Sei sposato con tre figli. Come ha vissuto (e sta vivendo) la tua famiglia questa scelta di servizio nella Chiesa?
«I miei figli sono tutto sommato ancora piccoli. In linea di massima non so quanto abbiano chiaro cosa il babbo diventerà con l’ordinazione diaconale. Sicuramente hanno desiderio di accompagnarmi in questo cammino. Normalmente fanno già servizio con me all’altare durante la Messa. La vocazione diaconale, quando arriva da sposati, s’innesta in un’altra vocazione che è quella alla famiglia. Sicuramente non si può creare competizione o conflitto tra i due stati. La mia prima vocazione è quella al matrimonio. Non farò mai niente che possa ostacolare o mettere in crisi il mio matrimonio, perché se va in crisi questo va crisi anche il diaconato. Ci sono ovviamente delle paure: crescere tre figli piccoli, occuparsi della famiglia, portare avanti una professione e servire la Chiesa significa che anche alla mia famiglia è chiesto un impegno non da poco. Ma noi abbiamo creduto fin dall’inizio che questo diaconato sia una grazia per crescere proprio come famiglia e per essere testimoni in un mondo in cui la famiglia è sempre più minacciata».
A chi va il tuo pensiero in questa occasione particolare?

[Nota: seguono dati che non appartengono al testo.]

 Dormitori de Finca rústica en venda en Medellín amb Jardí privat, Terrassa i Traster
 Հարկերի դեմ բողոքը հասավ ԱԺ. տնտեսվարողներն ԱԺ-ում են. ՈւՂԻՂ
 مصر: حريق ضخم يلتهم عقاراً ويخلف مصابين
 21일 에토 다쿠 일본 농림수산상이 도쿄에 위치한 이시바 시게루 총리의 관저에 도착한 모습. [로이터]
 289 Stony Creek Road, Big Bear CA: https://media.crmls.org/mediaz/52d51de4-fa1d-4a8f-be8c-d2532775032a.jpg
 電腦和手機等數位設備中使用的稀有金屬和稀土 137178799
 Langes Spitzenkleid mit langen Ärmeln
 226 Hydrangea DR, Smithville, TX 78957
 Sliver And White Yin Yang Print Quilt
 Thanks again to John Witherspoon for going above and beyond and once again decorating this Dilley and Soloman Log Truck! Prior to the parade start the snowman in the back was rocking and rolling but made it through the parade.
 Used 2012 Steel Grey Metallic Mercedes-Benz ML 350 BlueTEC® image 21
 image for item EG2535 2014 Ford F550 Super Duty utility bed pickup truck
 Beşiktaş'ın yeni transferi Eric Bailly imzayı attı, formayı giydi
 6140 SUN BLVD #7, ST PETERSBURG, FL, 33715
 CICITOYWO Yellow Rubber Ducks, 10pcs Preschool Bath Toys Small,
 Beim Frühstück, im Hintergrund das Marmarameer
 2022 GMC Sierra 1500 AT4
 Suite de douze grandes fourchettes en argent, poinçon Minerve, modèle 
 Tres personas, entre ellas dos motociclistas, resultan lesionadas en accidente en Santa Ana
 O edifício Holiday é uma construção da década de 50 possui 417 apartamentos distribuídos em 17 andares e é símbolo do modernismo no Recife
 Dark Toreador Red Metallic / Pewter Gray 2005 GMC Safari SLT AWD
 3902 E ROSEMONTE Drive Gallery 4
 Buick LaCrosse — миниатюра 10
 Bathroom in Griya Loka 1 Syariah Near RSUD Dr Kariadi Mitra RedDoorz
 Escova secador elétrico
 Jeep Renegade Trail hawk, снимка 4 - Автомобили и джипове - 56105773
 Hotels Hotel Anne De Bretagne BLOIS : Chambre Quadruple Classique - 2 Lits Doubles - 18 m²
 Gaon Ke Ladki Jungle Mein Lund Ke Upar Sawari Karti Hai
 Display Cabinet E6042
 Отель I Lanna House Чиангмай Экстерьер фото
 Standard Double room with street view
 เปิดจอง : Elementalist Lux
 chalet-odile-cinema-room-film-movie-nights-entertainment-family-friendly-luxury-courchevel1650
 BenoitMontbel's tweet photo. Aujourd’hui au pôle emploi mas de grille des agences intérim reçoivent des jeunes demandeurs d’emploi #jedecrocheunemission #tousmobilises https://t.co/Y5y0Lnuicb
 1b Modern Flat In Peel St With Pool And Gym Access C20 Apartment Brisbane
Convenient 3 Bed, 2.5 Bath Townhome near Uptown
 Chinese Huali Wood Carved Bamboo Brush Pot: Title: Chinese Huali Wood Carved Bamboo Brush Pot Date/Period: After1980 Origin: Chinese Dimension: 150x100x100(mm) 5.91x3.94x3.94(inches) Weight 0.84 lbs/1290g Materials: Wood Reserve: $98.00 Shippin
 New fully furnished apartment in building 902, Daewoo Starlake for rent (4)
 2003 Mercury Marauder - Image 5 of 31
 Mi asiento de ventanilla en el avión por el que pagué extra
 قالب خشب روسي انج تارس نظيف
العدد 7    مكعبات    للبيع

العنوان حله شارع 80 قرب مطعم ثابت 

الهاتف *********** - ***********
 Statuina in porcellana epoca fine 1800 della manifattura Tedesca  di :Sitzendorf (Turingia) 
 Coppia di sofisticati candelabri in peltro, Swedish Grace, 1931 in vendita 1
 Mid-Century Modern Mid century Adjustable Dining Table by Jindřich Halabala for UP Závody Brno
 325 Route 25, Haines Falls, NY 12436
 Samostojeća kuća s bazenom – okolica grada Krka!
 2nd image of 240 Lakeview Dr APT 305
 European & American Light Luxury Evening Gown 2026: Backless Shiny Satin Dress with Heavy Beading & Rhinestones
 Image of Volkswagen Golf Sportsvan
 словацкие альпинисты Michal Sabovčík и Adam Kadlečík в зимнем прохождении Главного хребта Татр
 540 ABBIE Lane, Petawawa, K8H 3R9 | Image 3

«Per la mia ordinazione ho invitato molte persone; diverse di queste sono lontane dalla Chiesa. Spero che la celebrazione diventi motivo per loro di riscoperta della fede. Che il Signore possa davvero scuoterle. E per questo ho desiderato che a cantare alla liturgia fosse la comunità Magnificat del Rinnovamento, in cui mi sono formato. Una liturgia quindi di evangelizzazione. Per il mio santino ricordo ho scelto l’immagine di un Gesù che abbraccia, che sostiene alle spalle, un uomo che è anche il suo carnefice perché ha in mano un martello e un chiodo. Gesù, nonostante il nostro peccato, resta con noi per dirci che non ci abbandona. E questo è un segno che mi sento di lasciare a tutte quelle persone che non si sentono degne, che non si sentono amate».